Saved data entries
======

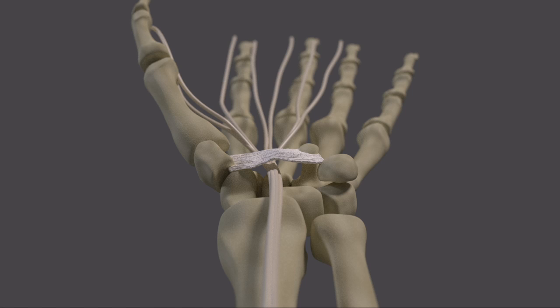The ligament and the carpal bones are all firm structures, so if an increase in pressure develops in the tunnel, these structures don't stretch to accommodate the extra pressure. The pressure is directly transmitted to the nerve, impairing its function.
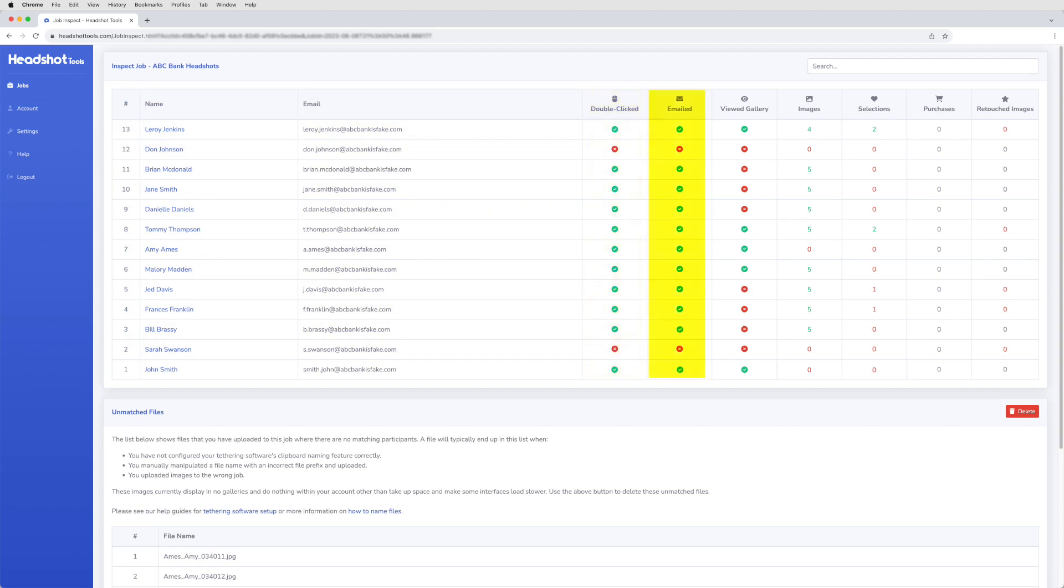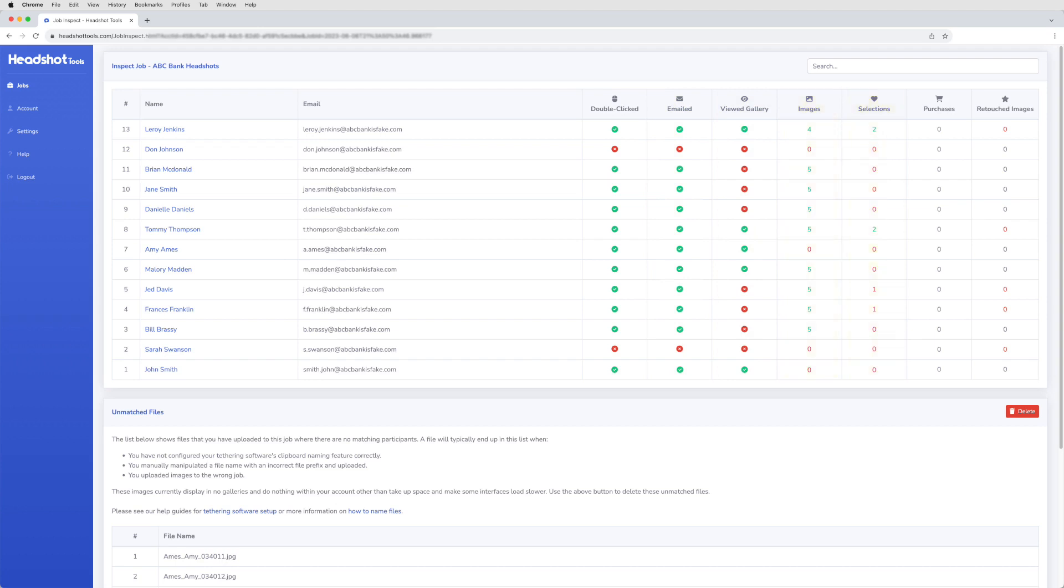If they have been emailed a link to their gallery, if they have viewed their gallery, how many image files they have uploaded to their gallery, how many heart selections they've made, how many purchases they've made, and finally, how many retouched images have been uploaded to their gallery.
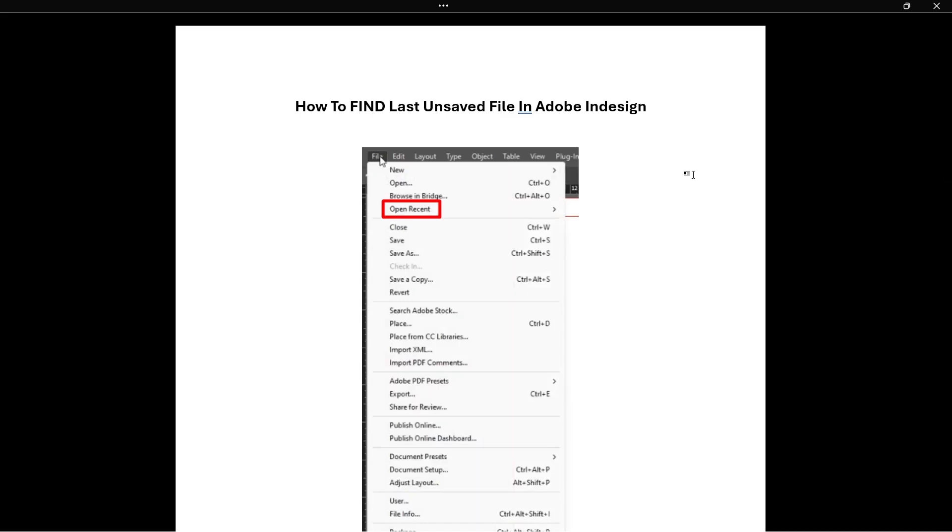In this video I'm going to show you how to find the last unsaved file in Adobe InDesign.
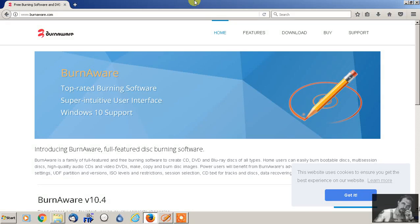Hey everybody, this is Paul Yeo Jr., and today I'm very excited to show you guys an excellent CD, DVD, and Blu-ray burning program called BurnAware. The newest version is 10.4, and this software also has the ability to burn ISO files, build your own ISO files, and extract ISO files from any kind of software CD — whether it's Photoshop, Microsoft Office, or any Windows operating system. It does it all, and it's unbelievable that it's free.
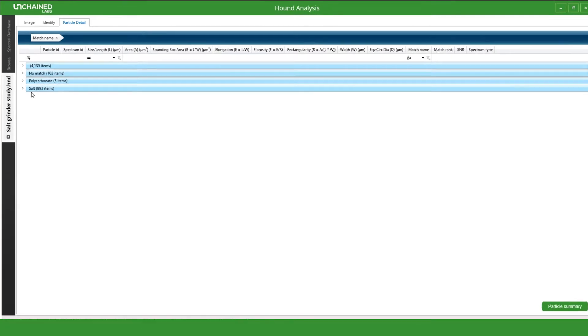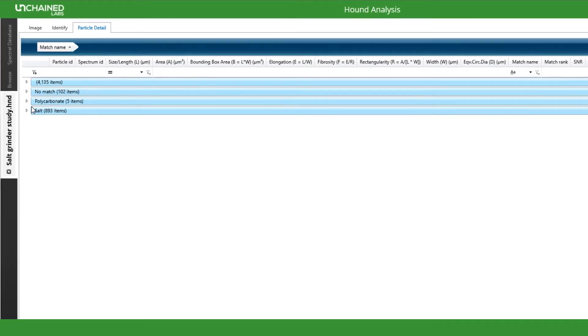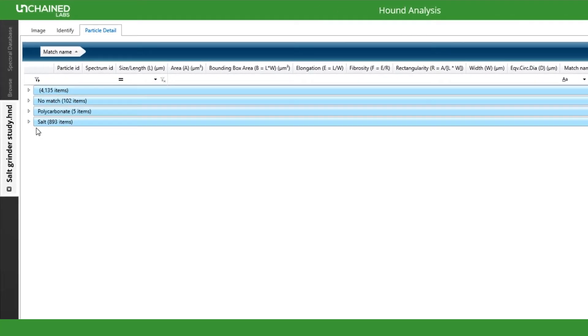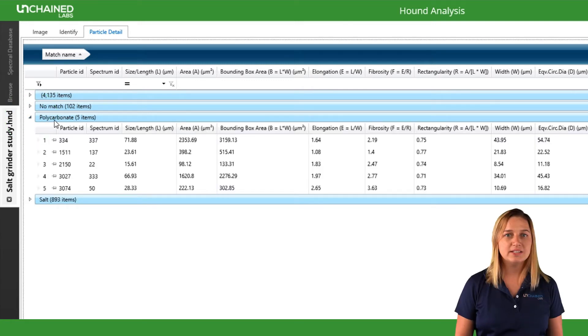Hound is all done and waiting with our answers. Now, thankfully most of the particles are salt, but I want to check on the ones that aren't salt.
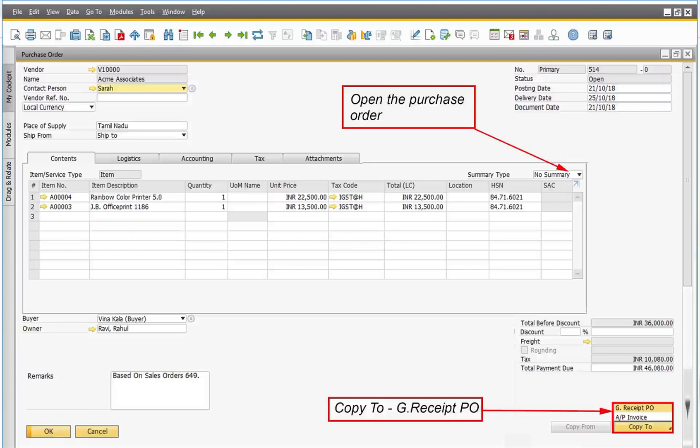Or it can be built from an existing purchase order. If you are basing your GRPO on an existing purchase order, you may copy all the data contained in the purchase order, or use the Draw Document Wizard to select the data to copy from one or more existing purchase orders.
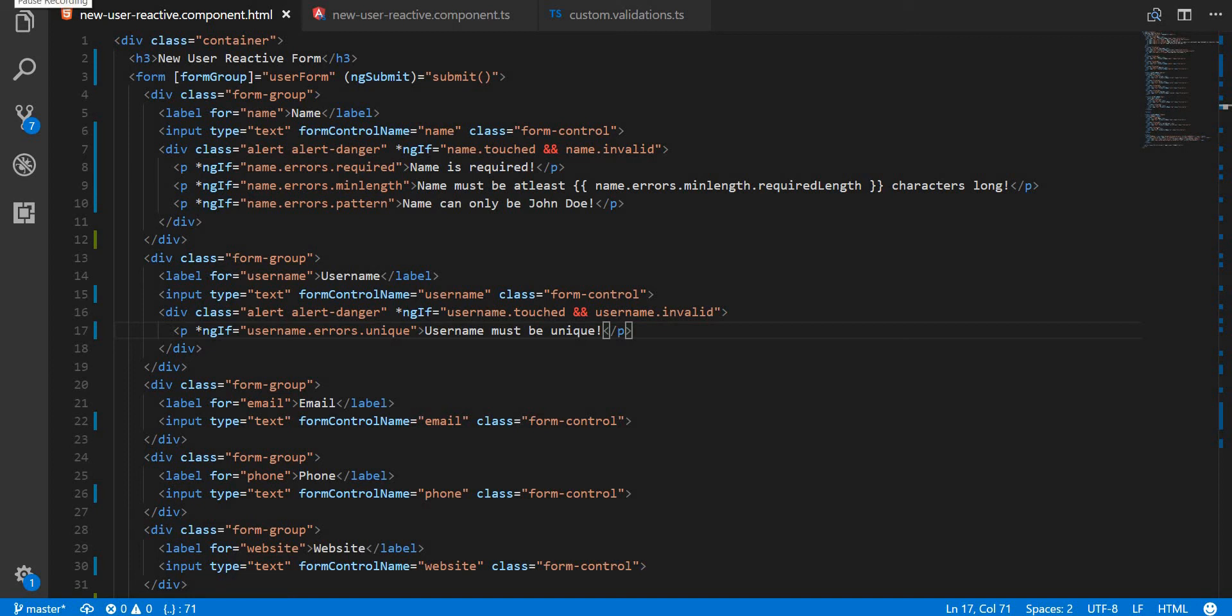Hello guys and welcome back. In the last section we created a custom validator which was synchronous in nature, but there might be times when you have to call a web API or a REST API to check for some values, and then based on the response from that API you might have to show the user an error.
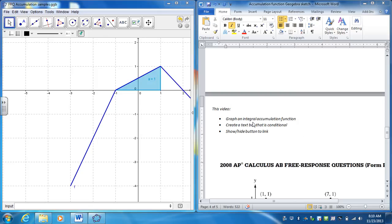Alright, in this video I'm going to graph an accumulation function, create a text box that is conditional, so that means it's only going to show up in certain conditions which we're going to select, and then the show it, hide button that links both of these.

======

[THE TASK]:
Each line from the beginning of the entries up to and including the one containing "Hello guys and" must be restated exactly. Pictures are to be left out.

[THE COMPLETED TASK]:
The ligament and the carpal bones are all firm structures, so if an increase in pressure develops in the tunnel, these structures don't stretch to accommodate the extra pressure. The pressure is directly transmitted to the nerve, impairing its function.
If they have been emailed a link to their gallery, if they have viewed their gallery, how many image files they have uploaded to their gallery, how many heart selections they've made, how many purchases they've made, and finally, how many retouched images have been uploaded to their gallery.
In this video I'm going to show you how to find the last unsaved file in Adobe InDesign.
Hey everybody, this is Paul Yeo Jr., and today I'm very excited to show you guys an excellent CD, DVD, and Blu-ray burning program called BurnAware. The newest version is 10.4, and this software also has the ability to burn ISO files, build your own ISO files, and extract ISO files from any kind of software CD — whether it's Photoshop, Microsoft Office, or any Windows operating system. It does it all, and it's unbelievable that it's free.
Hound is all done and waiting with our answers. Now, thankfully most of the particles are salt, but I want to check on the ones that aren't salt.
Or it can be built from an existing purchase order. If you are basing your GRPO on an existing purchase order, you may copy all the data contained in the purchase order, or use the Draw Document Wizard to select the data to copy from one or more existing purchase orders.
Hello guys and welcome back. In the last section we created a custom validator which was synchronous in nature, but there might be times when you have to call a web API or a REST API to check for some values, and then based on the response from that API you might have to show the user an error.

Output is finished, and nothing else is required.